Problem – Reproduce verbatim the lines of the material below, starting at the line with "Home Sweet Home" and ending at the line with "Pink Angel Original Oil Painting 4x4 Framed", both inclusive; skip the rest.

Dataset entries –
□ □ □ □

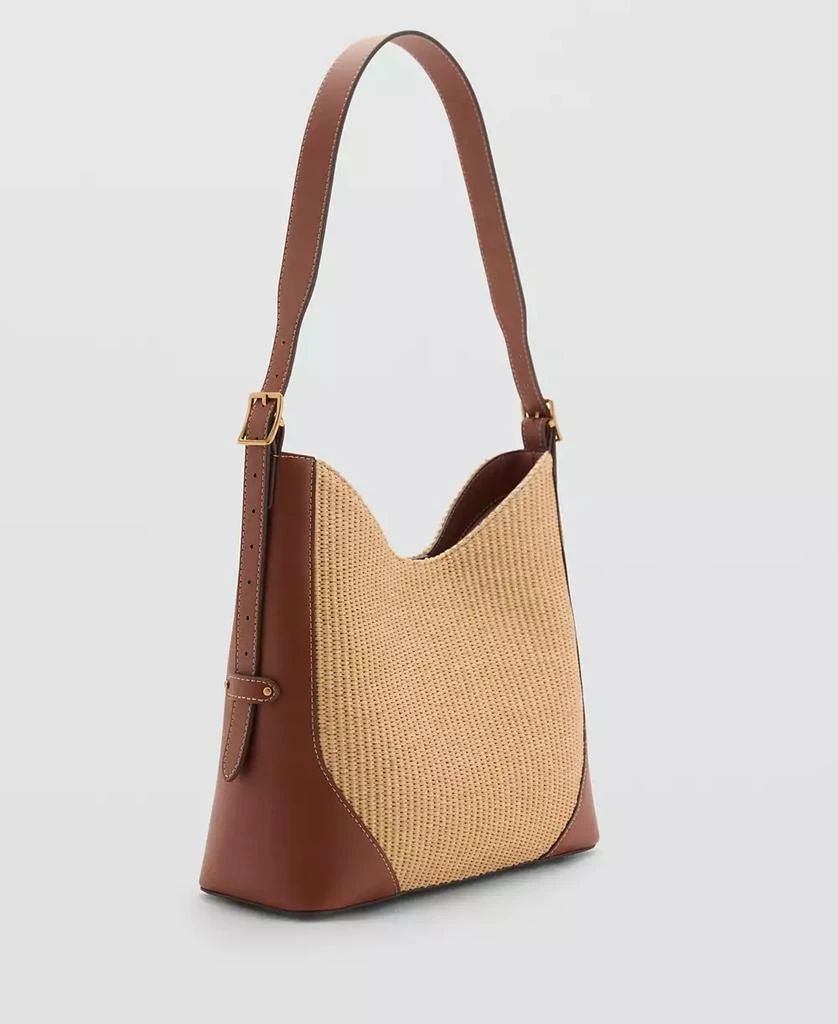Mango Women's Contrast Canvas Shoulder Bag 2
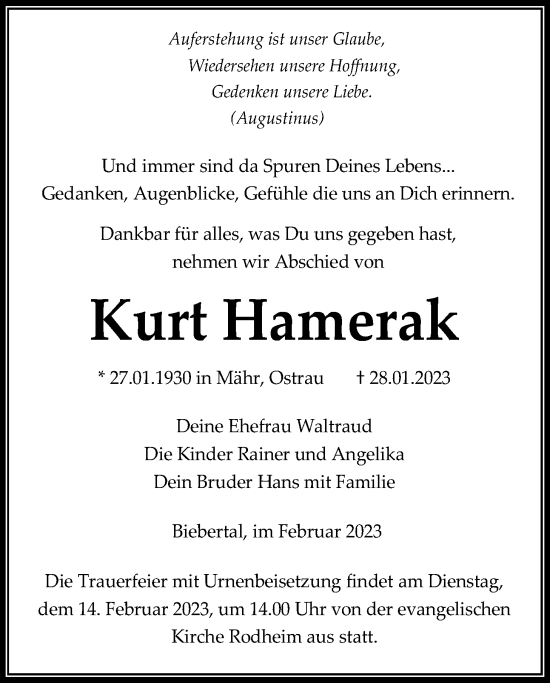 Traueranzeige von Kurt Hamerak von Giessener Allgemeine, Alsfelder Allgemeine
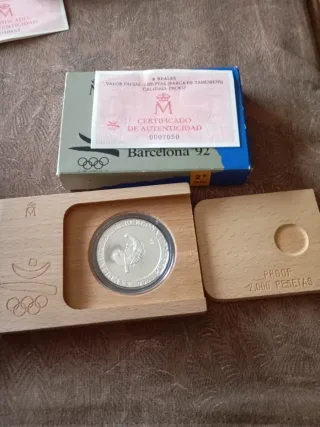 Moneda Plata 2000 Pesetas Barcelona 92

□ □ □ □

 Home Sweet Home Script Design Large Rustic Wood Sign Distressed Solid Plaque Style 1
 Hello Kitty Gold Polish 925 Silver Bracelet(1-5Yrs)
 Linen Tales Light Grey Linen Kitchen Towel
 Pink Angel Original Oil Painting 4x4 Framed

□ □ □ □

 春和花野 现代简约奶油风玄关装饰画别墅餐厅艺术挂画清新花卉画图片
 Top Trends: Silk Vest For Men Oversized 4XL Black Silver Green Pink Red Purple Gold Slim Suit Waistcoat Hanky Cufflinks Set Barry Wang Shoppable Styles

□ □ □ □

Your solution –
 Home Sweet Home Script Design Large Rustic Wood Sign Distressed Solid Plaque Style 1
 Hello Kitty Gold Polish 925 Silver Bracelet(1-5Yrs)
 Linen Tales Light Grey Linen Kitchen Towel
 Pink Angel Original Oil Painting 4x4 Framed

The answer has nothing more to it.